▶ _EXERCISE INSTRUCTIONS_: The output is the lines below from the one with "Hey, Sarah O'Kelly" through the one with "Hello guys, if", both included, printed exactly and with no other line.

(Stored items from a collection)

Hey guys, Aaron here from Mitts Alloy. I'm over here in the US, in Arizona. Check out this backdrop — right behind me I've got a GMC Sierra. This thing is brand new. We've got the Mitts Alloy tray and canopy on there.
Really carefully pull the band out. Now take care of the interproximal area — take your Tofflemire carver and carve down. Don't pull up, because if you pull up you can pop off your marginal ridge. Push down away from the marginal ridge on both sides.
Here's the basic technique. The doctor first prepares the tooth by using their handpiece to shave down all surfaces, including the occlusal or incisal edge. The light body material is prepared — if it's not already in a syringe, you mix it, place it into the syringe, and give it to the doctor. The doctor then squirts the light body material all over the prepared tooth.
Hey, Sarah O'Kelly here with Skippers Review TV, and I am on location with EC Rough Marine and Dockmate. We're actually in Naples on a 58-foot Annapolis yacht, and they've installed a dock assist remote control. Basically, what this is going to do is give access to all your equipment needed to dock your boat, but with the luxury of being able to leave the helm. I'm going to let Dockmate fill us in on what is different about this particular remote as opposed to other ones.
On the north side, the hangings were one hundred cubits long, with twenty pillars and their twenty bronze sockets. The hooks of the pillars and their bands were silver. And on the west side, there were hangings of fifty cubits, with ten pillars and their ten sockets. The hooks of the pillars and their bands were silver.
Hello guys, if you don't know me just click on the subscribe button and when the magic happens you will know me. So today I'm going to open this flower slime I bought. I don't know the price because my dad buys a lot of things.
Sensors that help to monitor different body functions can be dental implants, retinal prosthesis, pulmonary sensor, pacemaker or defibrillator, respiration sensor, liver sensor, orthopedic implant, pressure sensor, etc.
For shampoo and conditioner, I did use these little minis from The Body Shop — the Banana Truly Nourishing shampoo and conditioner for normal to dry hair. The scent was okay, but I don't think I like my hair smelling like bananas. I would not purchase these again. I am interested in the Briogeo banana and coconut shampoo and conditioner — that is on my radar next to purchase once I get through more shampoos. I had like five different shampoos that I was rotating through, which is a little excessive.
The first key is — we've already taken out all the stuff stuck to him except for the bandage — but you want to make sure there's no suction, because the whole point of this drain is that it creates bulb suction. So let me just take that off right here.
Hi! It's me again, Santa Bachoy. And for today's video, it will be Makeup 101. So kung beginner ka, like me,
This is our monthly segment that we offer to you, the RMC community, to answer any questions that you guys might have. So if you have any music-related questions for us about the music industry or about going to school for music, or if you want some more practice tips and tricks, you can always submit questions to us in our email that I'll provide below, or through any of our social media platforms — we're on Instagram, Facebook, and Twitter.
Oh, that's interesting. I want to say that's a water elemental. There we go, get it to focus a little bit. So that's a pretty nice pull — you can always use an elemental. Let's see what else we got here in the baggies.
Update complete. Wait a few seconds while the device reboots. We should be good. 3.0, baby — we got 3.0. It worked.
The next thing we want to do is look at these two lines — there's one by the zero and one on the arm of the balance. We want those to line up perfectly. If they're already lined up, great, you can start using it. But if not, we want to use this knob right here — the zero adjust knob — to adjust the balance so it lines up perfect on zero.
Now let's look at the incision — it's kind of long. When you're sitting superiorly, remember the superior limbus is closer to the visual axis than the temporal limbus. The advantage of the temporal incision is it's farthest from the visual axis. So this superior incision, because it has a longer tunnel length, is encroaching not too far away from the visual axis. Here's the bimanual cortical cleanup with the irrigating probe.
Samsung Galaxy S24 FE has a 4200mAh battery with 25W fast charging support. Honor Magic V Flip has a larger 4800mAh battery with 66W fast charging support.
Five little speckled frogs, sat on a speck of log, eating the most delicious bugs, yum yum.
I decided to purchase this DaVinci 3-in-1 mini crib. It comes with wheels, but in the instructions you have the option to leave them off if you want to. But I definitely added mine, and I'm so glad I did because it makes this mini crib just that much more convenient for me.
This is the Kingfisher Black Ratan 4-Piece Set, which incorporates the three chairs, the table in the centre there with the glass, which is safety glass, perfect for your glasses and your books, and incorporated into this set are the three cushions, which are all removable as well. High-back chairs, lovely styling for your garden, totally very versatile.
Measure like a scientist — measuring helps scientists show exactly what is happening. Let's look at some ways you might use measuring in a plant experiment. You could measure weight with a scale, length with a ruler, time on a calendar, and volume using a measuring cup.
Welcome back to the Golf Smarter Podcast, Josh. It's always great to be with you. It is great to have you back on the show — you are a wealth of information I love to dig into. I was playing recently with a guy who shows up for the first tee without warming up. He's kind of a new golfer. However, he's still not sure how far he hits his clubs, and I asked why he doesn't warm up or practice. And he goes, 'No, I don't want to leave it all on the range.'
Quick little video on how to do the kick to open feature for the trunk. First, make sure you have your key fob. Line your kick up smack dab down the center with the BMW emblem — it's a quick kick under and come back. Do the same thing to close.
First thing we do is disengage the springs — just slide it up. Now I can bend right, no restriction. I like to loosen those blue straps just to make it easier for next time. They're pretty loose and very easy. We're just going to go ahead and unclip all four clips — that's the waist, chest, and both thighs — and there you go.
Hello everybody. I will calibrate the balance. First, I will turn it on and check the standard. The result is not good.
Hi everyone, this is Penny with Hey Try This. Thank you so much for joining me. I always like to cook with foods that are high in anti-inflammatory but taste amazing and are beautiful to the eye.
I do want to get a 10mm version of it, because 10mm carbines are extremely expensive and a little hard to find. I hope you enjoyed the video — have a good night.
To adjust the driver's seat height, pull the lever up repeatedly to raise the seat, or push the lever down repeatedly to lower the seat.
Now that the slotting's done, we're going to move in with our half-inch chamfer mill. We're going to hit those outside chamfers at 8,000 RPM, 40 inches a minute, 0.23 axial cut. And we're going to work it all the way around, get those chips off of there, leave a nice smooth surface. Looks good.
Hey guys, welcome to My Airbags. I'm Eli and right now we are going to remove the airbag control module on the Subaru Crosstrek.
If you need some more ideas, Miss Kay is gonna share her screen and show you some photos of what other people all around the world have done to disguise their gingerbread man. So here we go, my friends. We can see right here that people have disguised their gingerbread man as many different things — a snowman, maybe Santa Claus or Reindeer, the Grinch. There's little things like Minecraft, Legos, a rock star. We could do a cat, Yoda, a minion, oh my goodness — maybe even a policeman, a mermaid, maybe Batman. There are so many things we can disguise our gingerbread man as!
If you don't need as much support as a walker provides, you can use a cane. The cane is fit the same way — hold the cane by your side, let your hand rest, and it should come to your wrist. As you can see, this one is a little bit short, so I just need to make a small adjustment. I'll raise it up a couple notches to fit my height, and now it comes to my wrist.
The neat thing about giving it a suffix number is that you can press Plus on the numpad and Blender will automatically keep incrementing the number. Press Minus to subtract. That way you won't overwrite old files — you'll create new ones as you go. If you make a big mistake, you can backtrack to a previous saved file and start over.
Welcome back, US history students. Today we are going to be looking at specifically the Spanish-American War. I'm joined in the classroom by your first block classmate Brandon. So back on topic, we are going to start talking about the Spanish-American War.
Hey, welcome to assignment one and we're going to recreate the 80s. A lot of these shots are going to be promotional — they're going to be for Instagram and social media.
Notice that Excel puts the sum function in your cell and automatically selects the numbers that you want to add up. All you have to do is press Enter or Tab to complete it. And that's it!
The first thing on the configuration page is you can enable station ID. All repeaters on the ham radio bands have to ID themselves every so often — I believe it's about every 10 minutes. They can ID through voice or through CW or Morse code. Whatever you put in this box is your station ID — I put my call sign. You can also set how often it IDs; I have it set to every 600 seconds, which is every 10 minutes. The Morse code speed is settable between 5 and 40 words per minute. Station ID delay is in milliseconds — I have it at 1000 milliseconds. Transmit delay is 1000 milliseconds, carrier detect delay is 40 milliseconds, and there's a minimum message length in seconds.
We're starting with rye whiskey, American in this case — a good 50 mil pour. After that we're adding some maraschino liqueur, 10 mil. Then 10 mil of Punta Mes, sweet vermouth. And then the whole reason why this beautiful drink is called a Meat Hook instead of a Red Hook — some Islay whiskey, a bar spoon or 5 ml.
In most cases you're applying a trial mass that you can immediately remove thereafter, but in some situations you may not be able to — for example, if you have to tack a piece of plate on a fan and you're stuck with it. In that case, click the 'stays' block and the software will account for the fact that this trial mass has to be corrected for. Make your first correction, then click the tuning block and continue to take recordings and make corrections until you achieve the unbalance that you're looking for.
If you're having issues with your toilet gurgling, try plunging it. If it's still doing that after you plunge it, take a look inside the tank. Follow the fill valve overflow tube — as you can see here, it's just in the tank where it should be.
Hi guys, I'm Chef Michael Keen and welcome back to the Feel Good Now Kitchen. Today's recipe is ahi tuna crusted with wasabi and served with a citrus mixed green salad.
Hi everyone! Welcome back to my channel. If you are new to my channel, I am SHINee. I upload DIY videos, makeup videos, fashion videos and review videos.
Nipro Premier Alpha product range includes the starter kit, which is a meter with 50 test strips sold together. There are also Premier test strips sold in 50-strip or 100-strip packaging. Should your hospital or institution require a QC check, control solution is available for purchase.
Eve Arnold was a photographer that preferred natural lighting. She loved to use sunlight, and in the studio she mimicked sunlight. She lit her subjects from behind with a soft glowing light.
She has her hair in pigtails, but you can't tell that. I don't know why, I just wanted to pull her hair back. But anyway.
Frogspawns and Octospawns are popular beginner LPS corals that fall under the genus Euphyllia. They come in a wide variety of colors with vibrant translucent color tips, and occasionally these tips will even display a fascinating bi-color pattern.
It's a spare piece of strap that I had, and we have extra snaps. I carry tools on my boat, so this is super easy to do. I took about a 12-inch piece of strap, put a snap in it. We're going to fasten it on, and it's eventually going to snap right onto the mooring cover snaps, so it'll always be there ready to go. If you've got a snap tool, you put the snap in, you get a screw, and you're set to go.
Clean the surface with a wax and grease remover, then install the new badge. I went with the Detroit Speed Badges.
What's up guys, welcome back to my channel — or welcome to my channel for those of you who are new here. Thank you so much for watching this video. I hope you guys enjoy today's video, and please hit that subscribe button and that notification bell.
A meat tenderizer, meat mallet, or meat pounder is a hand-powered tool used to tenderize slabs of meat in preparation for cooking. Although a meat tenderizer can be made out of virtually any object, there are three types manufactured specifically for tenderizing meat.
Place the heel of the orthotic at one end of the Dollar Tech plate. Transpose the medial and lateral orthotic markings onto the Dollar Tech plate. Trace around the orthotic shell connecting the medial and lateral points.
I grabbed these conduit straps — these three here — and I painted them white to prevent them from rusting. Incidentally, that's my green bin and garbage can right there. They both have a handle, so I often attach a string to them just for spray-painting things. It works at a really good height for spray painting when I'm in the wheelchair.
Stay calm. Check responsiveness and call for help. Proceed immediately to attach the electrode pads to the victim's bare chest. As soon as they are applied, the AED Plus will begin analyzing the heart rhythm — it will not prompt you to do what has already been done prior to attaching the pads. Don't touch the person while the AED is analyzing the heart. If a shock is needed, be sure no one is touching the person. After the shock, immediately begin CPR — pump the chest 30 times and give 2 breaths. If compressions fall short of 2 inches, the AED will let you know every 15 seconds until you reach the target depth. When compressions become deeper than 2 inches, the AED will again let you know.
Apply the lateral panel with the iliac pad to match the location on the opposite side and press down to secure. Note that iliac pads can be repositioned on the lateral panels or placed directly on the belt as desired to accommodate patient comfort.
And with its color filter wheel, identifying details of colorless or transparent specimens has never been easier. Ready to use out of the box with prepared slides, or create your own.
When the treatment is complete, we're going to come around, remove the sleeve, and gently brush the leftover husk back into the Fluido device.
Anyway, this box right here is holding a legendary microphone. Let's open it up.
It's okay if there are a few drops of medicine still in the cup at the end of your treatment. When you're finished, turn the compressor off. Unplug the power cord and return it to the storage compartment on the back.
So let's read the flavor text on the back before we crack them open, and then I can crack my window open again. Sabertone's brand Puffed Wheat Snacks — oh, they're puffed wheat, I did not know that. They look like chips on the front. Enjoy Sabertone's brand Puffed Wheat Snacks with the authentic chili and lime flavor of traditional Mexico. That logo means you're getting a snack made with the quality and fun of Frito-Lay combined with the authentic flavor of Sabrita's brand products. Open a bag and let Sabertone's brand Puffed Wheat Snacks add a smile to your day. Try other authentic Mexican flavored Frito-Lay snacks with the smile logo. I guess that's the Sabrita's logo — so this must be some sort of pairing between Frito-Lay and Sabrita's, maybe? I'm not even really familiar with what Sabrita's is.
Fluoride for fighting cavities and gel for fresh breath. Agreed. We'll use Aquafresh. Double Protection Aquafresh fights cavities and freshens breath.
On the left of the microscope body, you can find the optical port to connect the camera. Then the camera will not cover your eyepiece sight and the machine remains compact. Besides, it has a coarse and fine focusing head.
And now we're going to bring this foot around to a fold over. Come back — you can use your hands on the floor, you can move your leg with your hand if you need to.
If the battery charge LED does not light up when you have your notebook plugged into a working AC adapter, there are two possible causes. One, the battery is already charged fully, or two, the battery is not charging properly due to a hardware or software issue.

▶ _RESULT_:
Hey, Sarah O'Kelly here with Skippers Review TV, and I am on location with EC Rough Marine and Dockmate. We're actually in Naples on a 58-foot Annapolis yacht, and they've installed a dock assist remote control. Basically, what this is going to do is give access to all your equipment needed to dock your boat, but with the luxury of being able to leave the helm. I'm going to let Dockmate fill us in on what is different about this particular remote as opposed to other ones.
On the north side, the hangings were one hundred cubits long, with twenty pillars and their twenty bronze sockets. The hooks of the pillars and their bands were silver. And on the west side, there were hangings of fifty cubits, with ten pillars and their ten sockets. The hooks of the pillars and their bands were silver.
Hello guys, if you don't know me just click on the subscribe button and when the magic happens you will know me. So today I'm going to open this flower slime I bought. I don't know the price because my dad buys a lot of things.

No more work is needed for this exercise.